Pumi, or Hungarian Pumi, is descended from the Puli, which was crossed with other European herding breeds imported into Hungary in the 16th and 17th centuries. Although the specific herding breeds used are unknown, some breed experts believe that at least one of the breeds had upright, pricked ears and may have been an early ancestor of the Belgian sheepdog breeds.
Pumi dog breed stands between 15 and 18.5 inches tall and weigh between 17 and 33 pounds. The head is long and narrow, with a broad skull. The eyes are medium-sized, and the ears are upright and mobile. The body is as long as it is tall at the shoulder and is well-muscled. The tail forms a circle above the rump. The coat is double, with a soft undercoat and a wiry, wavy outer coat. The most common colors include gray, black, and fawn. The Pumi coat is more like a terrier’s coat than most other herding breeds and requires some specific hand-grooming.
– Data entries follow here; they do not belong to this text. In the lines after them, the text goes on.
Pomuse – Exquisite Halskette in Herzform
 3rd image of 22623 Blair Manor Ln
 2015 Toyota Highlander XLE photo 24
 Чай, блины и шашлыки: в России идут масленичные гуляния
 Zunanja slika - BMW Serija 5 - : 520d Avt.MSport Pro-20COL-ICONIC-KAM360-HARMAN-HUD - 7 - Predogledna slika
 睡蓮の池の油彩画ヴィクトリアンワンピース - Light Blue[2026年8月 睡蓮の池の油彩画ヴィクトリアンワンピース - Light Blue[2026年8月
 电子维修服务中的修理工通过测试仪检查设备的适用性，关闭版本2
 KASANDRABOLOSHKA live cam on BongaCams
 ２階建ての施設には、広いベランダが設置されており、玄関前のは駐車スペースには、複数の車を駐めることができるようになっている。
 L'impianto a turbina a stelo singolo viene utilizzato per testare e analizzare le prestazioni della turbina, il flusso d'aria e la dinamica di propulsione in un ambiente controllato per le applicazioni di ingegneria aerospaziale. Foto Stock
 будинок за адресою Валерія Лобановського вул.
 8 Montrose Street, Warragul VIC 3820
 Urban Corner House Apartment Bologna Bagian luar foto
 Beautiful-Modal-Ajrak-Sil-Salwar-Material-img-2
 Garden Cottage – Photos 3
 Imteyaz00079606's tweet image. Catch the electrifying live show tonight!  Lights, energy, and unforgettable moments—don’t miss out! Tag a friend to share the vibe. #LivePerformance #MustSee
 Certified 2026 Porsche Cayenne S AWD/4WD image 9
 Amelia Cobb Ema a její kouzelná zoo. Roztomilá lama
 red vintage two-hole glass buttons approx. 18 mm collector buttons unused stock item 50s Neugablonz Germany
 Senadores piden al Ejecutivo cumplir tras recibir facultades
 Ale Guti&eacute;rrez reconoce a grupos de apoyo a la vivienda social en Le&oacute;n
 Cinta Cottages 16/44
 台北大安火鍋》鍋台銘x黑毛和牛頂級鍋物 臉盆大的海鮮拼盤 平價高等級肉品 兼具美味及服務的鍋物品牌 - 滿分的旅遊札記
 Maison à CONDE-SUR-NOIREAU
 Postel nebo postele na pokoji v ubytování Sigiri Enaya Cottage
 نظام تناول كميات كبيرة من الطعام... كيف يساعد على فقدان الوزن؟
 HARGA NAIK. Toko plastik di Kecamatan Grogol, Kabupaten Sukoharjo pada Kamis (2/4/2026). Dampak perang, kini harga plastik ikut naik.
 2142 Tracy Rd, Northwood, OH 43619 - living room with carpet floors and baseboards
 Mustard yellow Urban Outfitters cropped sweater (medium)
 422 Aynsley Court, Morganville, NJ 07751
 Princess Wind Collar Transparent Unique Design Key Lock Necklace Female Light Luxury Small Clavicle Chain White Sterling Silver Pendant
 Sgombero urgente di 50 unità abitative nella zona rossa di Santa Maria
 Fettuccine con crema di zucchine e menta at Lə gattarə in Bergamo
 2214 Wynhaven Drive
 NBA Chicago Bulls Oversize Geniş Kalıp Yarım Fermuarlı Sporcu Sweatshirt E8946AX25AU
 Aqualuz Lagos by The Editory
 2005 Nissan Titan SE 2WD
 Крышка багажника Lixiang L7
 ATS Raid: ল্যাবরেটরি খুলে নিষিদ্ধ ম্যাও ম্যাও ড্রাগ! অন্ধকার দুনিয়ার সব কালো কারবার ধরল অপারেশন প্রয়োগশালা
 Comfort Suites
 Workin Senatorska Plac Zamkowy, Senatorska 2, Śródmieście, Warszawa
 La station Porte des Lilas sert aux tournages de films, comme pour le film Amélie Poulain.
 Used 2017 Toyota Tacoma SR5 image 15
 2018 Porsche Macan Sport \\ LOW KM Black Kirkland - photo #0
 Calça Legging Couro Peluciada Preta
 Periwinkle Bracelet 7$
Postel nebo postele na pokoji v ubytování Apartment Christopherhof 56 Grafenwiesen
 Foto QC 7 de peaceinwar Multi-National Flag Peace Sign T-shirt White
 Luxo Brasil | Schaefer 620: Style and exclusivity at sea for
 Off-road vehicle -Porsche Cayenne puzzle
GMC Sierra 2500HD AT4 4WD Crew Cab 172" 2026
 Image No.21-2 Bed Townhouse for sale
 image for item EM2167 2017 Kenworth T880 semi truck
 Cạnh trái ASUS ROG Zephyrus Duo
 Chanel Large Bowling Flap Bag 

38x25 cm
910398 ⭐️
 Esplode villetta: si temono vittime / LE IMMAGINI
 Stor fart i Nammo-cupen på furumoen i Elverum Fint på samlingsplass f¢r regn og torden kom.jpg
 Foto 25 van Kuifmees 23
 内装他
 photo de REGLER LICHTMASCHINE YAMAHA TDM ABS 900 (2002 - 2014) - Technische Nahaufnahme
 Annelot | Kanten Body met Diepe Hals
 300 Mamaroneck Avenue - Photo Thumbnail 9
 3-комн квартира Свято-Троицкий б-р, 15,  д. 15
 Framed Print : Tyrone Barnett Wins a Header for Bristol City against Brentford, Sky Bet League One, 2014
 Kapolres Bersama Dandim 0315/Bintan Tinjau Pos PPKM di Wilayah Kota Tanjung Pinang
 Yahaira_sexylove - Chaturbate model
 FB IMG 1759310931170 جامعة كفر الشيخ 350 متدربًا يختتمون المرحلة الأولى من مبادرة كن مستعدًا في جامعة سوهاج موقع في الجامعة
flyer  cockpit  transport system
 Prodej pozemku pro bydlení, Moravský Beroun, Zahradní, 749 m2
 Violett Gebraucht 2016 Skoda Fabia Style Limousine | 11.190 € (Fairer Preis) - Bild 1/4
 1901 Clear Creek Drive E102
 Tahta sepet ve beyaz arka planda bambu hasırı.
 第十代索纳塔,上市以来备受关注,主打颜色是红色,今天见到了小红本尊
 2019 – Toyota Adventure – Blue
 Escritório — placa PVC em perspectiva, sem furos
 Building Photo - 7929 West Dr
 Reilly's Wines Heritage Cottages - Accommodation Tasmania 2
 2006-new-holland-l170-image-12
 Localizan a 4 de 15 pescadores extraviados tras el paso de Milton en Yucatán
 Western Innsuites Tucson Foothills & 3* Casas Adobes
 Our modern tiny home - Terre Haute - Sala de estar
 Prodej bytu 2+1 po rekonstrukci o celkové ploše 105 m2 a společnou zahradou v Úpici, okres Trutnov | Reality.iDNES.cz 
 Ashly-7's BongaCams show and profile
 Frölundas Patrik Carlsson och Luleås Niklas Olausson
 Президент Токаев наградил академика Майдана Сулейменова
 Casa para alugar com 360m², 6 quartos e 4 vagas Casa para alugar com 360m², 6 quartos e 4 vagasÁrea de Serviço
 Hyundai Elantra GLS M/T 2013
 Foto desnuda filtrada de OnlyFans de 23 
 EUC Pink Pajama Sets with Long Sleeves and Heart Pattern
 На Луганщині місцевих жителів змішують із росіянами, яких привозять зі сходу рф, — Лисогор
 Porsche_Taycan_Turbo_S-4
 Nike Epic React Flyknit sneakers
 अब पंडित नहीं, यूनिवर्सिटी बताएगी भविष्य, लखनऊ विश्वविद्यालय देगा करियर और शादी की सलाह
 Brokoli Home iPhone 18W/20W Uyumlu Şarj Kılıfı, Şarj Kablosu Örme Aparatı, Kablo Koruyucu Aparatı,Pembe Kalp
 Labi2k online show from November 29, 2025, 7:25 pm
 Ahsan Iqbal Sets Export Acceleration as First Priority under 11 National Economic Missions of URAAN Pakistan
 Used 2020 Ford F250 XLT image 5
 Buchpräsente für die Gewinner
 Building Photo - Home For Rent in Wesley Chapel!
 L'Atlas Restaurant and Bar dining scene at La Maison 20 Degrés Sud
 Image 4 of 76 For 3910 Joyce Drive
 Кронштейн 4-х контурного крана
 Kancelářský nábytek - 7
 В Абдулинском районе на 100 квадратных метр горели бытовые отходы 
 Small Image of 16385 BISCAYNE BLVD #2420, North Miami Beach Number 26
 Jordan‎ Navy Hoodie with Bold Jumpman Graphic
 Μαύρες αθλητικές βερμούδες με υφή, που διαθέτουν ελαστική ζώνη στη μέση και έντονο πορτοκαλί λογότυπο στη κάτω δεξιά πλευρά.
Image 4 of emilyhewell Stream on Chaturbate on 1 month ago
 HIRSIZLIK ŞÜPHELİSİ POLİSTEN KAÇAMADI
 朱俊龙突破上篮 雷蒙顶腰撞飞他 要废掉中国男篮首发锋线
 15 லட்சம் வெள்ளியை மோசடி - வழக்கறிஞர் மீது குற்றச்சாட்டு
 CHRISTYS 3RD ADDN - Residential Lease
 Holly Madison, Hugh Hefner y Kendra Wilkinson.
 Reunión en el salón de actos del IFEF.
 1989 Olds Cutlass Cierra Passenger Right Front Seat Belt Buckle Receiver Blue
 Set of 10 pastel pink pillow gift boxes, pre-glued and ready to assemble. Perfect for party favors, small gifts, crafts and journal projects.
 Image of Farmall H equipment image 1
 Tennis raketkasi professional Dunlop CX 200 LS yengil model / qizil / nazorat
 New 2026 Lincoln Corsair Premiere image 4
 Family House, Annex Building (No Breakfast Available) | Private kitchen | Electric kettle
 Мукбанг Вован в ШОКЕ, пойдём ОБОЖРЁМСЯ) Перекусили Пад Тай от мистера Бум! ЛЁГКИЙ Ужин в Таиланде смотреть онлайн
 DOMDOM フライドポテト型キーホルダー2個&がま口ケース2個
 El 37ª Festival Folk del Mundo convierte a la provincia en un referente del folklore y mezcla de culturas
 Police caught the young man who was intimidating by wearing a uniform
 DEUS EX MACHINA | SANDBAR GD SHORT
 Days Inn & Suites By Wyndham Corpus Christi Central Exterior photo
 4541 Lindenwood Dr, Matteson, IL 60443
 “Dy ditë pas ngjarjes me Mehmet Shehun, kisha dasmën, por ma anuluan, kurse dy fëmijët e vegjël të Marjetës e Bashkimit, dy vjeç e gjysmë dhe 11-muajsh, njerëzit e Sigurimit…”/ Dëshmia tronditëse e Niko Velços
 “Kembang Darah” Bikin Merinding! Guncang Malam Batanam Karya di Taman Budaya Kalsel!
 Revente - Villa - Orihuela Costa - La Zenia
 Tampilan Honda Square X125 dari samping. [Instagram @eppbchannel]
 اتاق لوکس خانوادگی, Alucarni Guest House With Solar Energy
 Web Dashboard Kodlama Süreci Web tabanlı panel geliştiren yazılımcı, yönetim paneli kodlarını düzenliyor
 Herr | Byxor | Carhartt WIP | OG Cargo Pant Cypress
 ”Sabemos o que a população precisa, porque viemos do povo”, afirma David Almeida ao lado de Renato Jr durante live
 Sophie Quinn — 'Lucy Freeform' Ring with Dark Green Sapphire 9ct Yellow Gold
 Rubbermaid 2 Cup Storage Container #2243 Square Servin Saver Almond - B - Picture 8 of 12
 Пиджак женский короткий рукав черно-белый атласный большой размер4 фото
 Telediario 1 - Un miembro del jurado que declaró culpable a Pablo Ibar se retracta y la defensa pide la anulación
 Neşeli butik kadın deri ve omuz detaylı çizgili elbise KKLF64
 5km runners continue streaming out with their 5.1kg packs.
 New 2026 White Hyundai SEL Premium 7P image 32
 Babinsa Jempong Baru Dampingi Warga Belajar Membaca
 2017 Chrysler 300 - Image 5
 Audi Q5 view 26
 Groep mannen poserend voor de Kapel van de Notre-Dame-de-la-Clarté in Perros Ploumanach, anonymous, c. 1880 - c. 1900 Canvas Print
A Pumi breeder can demonstrate the correct technique. Between grooming sessions, the Pumi dogs should be brushed and combed twice weekly to prevent matting.
Pumi dog breed’s appearance embodies a thirst for action. The Pumi is always active and ready for duty. This dog breed needs vigorous daily exercise, but more importantly, she also needs a job to do. She can herd sheep or ducks, protect livestock from intruders, watch the family children, or hunt vermin. She can also train in agility, play flyball, catch a flying disc, or compete in obedience.
The Pumi is definitely not a sedentary lap dog! Training and socialization should begin early and continue into adulthood. The Pumi is also a noisy breed, so she is not suited to apartment or tract home life. The Pumi is bold and can be watchful and wary of strangers. The Pumi does best in a rural environment where she has an active owner and a job that will keep her busy. The Pumi dog breed can be good with children but can also try to herd them. This is a healthy breed.